» Records from a collection:
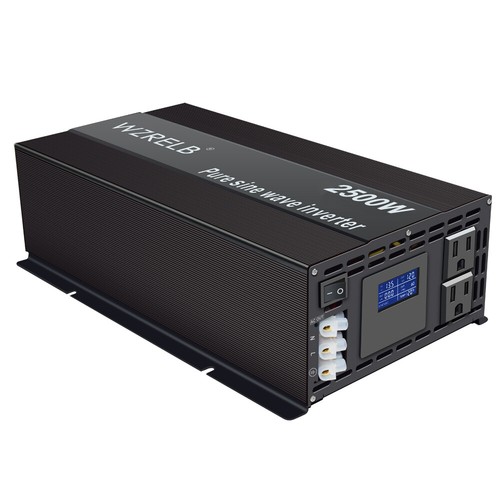 2500W Pure Sine Wave Inverter 24V to 110V 120V Power Home Car Boat Truck Solar - Picture 5 of 7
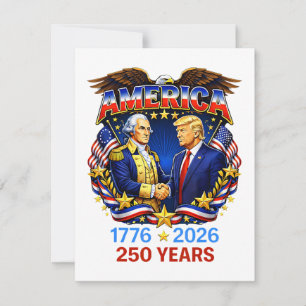 250 Years America Anniversary 250th Thank You Card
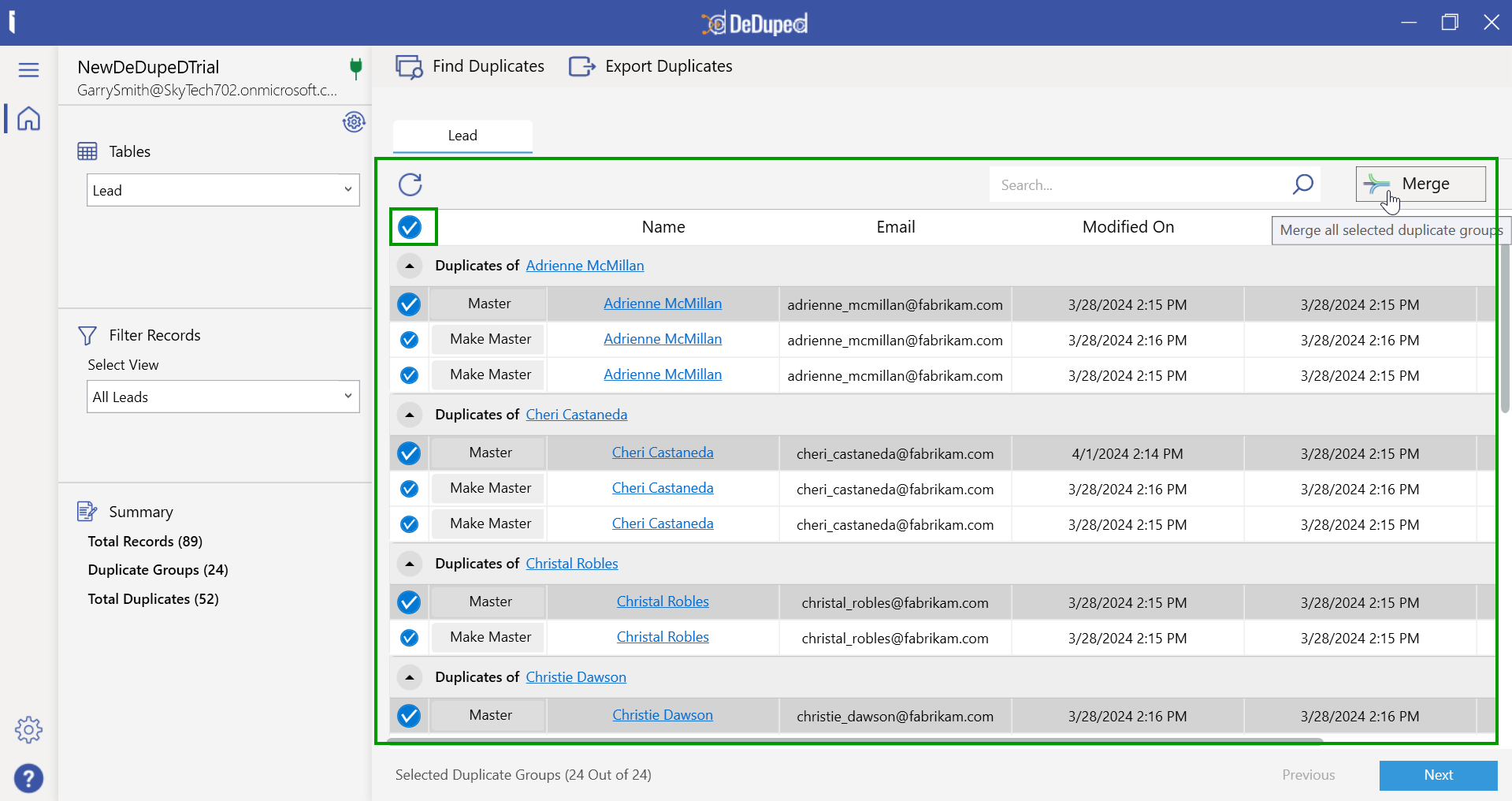 Clean Up History Duplicate Records in Bulk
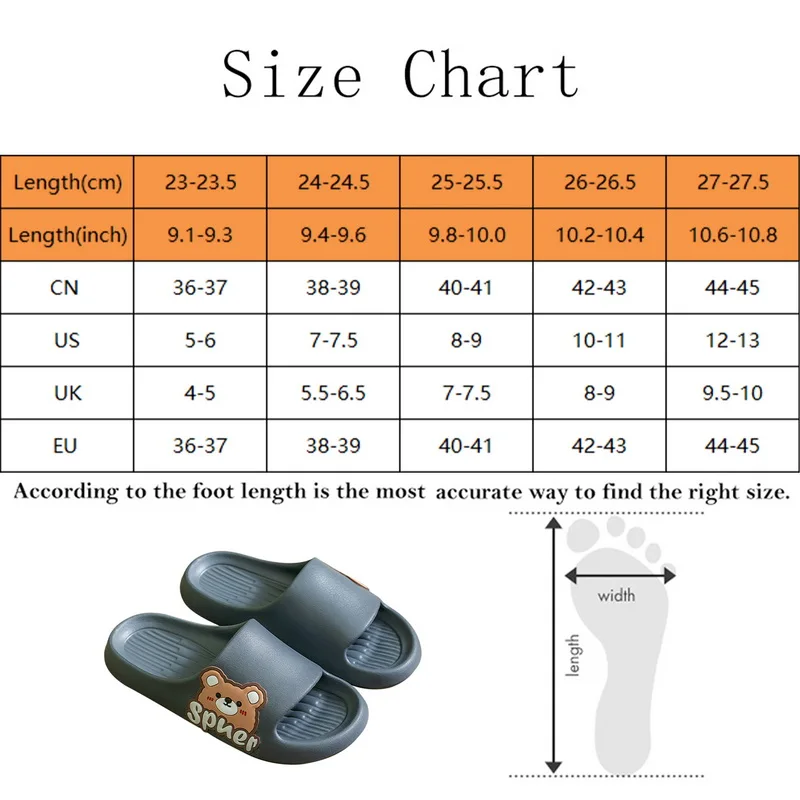 Bath Bear Slippers Women Summer Flip Flops Cute Cartoon Cloud Shoes For Women Indoor Outdoor Wear Soft Thick Beach Men Sandals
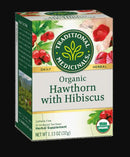 [Bundle Of 4] Traditional Medicinals Organic Heart Tea with Hawthorn & Hibiscus, 16 bags Exp: 04/28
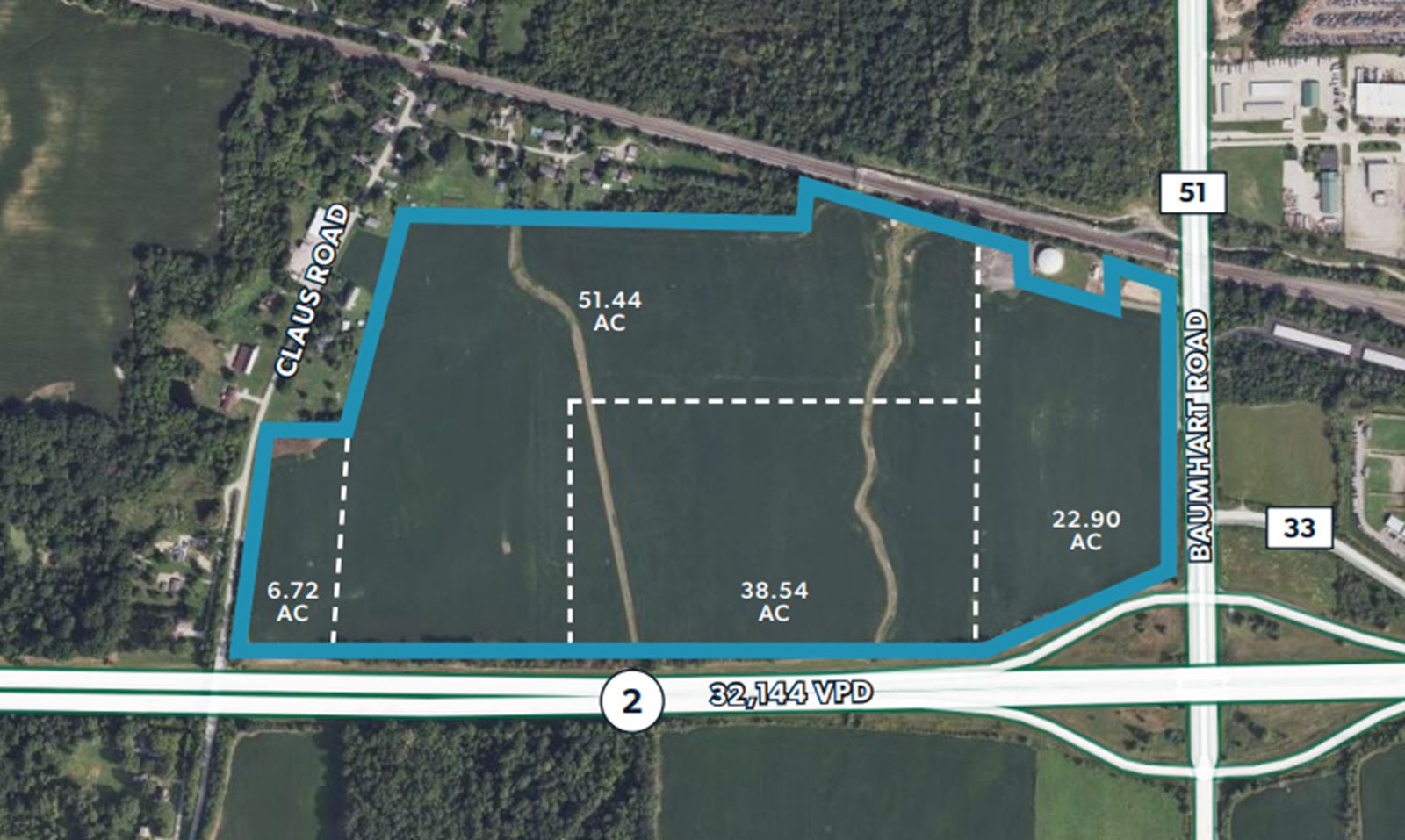 Baumhart & Rt 2 - 119.6 Acres - Parcels.PNG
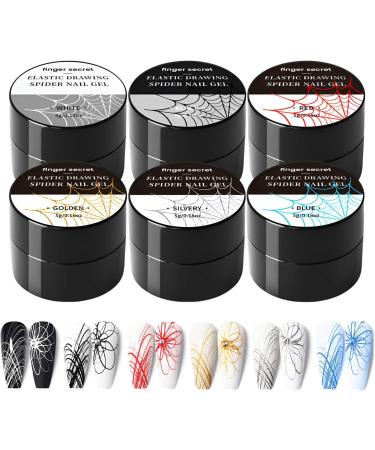 Dinchaakuarry Spider Angel Multifunctional Thread Drawing Polish Fine Liner for Creative DIY Designs Smooth Texture Decorations Highly Elastic and Easy to Handle Professional Manicure Tips - Buy Online on GoSupps.com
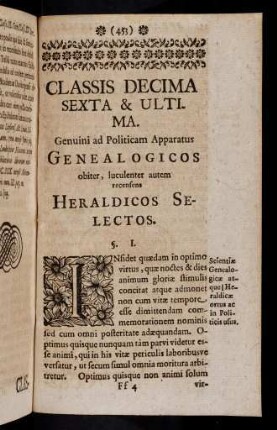 453-529, Classis Decima Sexta & Ultima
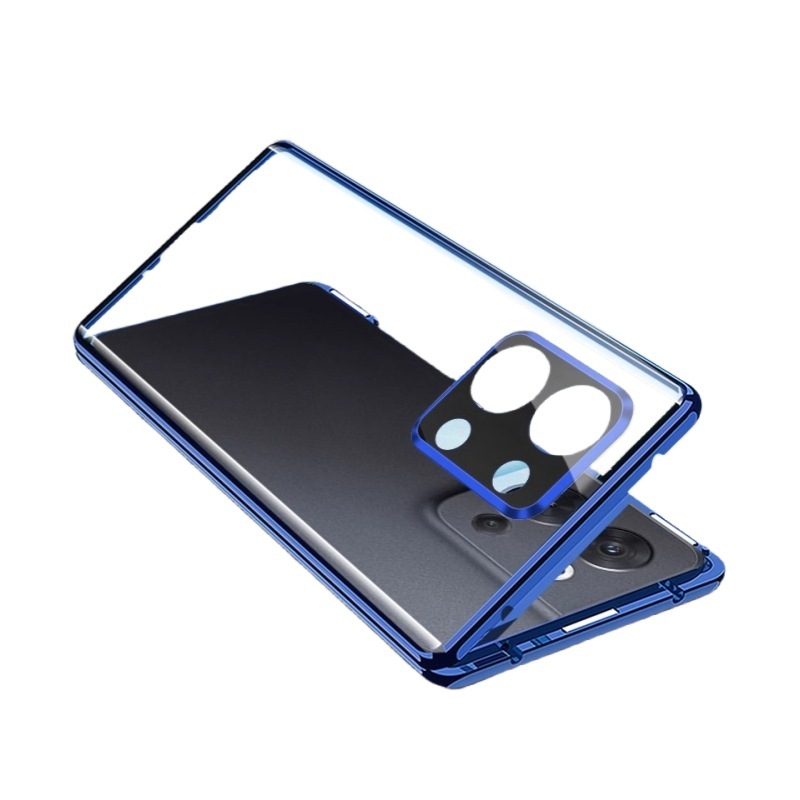 OPPO reno 13pro携帯ケース万磁王両面ガラス保護鏡亮面金属磁気吸引全包カバーを適用する|undefined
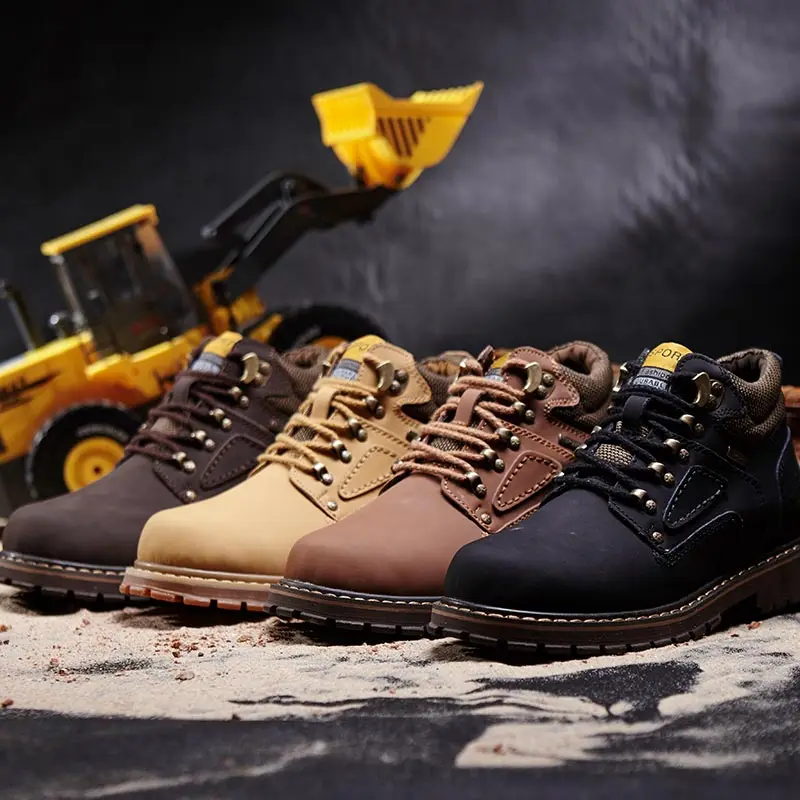 Новые модные мужские ботильоны с высоким берцем в стиле ретро визуально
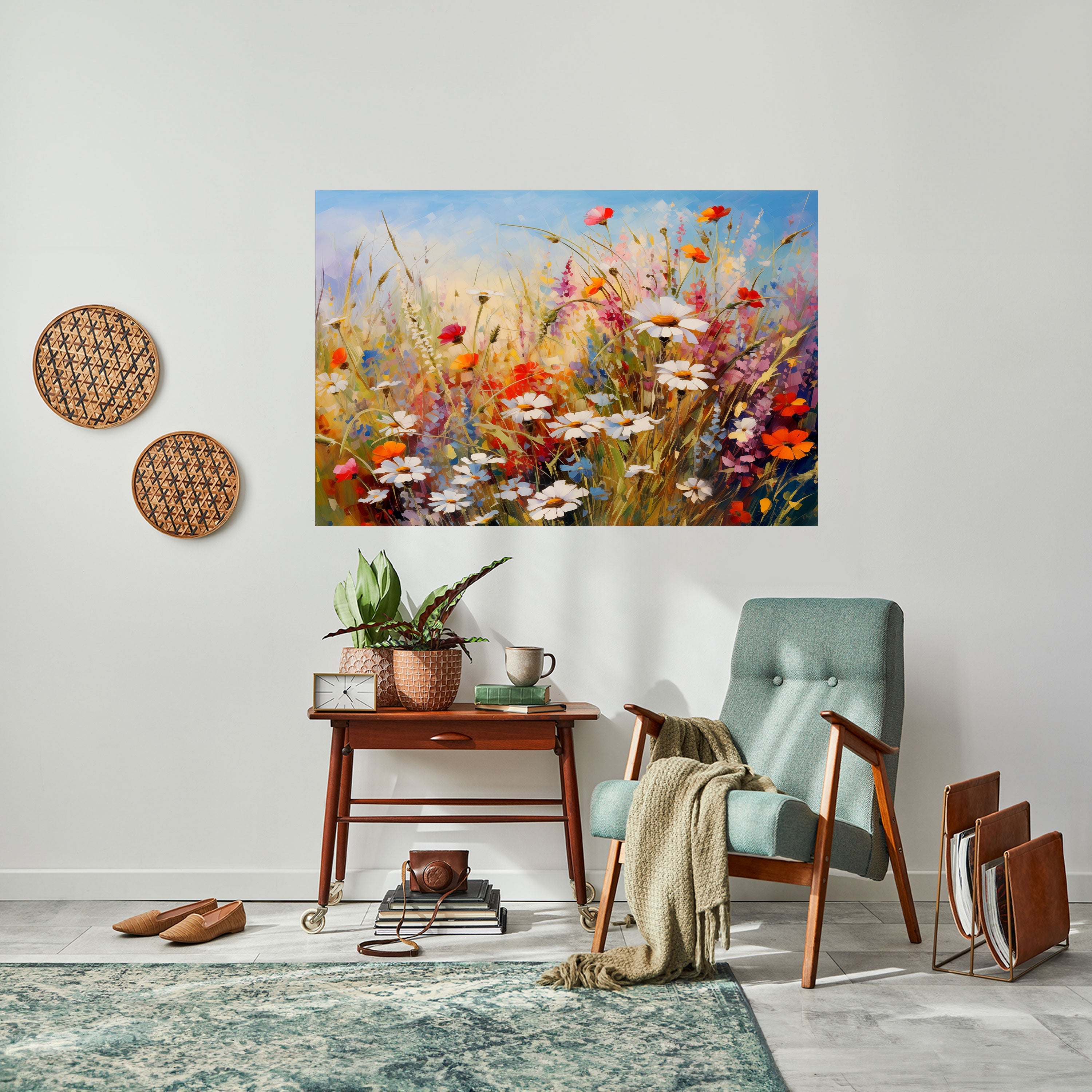 Affiche horizontale autocollante DAISY DAYDREAMS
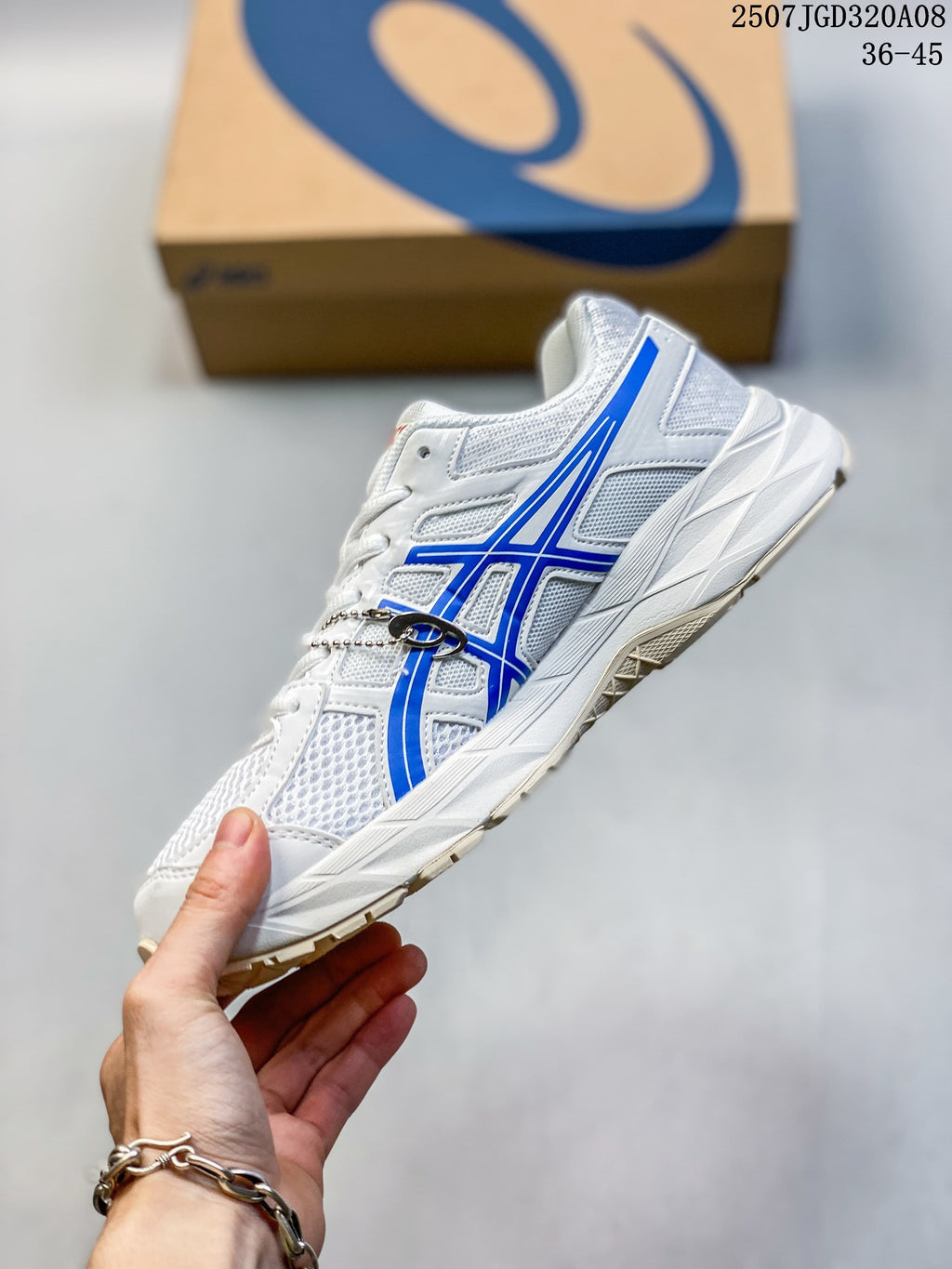 ASICS GEL-Contend 4 Running Shoes White Blue T8D4Q-030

» PROBLEM STATEMENT:
Give again exactly the lines from the one holding "Dinchaakuarry Spider Angel" to the final line of the records, both ends included; any pictures stay out.

» ANSWER SPACE:
 Dinchaakuarry Spider Angel Multifunctional Thread Drawing Polish Fine Liner for Creative DIY Designs Smooth Texture Decorations Highly Elastic and Easy to Handle Professional Manicure Tips - Buy Online on GoSupps.com
 453-529, Classis Decima Sexta & Ultima
 OPPO reno 13pro携帯ケース万磁王両面ガラス保護鏡亮面金属磁気吸引全包カバーを適用する|undefined
 Новые модные мужские ботильоны с высоким берцем в стиле ретро визуально
 Affiche horizontale autocollante DAISY DAYDREAMS
 ASICS GEL-Contend 4 Running Shoes White Blue T8D4Q-030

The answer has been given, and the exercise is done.